Bob Owen for The New York Times
David Robinson, a basketball player, is a benefactor of the Carver Community Cultural Center.

The strain on Ms. Long and the Carver has to do with the problem of what happens to a small institution when it faces the kind of change that the Robinson gift has engendered. There is no precedent in the Carver's history for the kind of fund-raising, money management, land acquisition or capital construction required by the new project.

The general situation is complicated by the Carver's idiosyncrasies: its historical significance to San Antonio's black population (less than 8 percent of the city's approximately 1 million people), its current significance to the poor and underserved area where it stands and its unusual relationship to the city government, which finances more than half of its budget through the city's social services arm, the Department of Community Initiatives.

The city would ultimately like to trim its financing of the Carver, but any moves along these lines have been successfully fought by the local community, and Ms. Long, who say the city pays far too little attention to the east side as it is.

The Carver is the east side landmark, a place where the likes of Ella Fitzgerald and Paul Robeson performed.
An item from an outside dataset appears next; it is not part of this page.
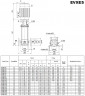 Многоступенчатый насос EVXE 5/15, 3 кВт, 7,8 м3/ч, 142м, 380V/T, AISI 304 (EBARA EVM)
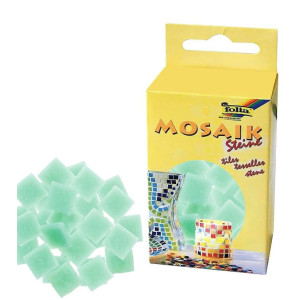 ΨΗΦΙΔΕΣ  ΜΩΣΑΪΚΑ ΠΛΑΚΑΚΙΑ 200gr 300τεμ  10X10MM ΑΝΟΙΧΤΟ ΠΡΑΣΙΝΟ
It began life in the early part of the century as a segregated library and meeting hall; the current building, erected in 1929, has an inscription over the side door identifying it as the "colored branch" of the San Antonio library.

It served that function until the city was desegregated in the 1960's.

Ms. Long arrived in 1976, just three years after the city, to neighborhood outrage, threatened to demolish the building. (One woman actually lay down in front of the bulldozers.) Under her guidance the Carver has presented, mostly in its 650-seat, poorly ventilated auditorium, a diverse series of dance, theater and musical performances. The performance artist Danny Hoch, the jazz pianist Ahmad Jamal and the Donald Byrd dance company were among its offerings last season.

The center also conducts workshops and classes in performing and fine arts. And it is also still used for such varied activities as meetings, beauty pageants, weddings and even the occasional funeral.

"The Carver has always been the anchor for the African-American community here," said Eduardo Diaz, who, as director of the city's Office of Cultural Affairs, has often clashed with Ms. Long and those in the Carver neighborhood, but who also takes classes at the Carver in Latin and African drumming. "And they've done so much in terms of sharing with San Antonio. Alvin Ailey, McCoy Tyner, the Harlem Boys Choir, A Traveling Jewish Theater: none of these would have come here without the Carver."



Bob Owen for The New York Times
Jo Long, director of the Carver Community Cultural Center.

For Robinson, the gift melds two aims: to help the neighborhood and to establish a permanent "ministry," as Robinson, who describes himself as a devout Christian, is wont to call any organization devoted to social service.

Oddly absent from his thinking is any motivation to support the arts. He had only been to the Carver once before he began talking with Ms. Long, he said, for an event he cannot recall.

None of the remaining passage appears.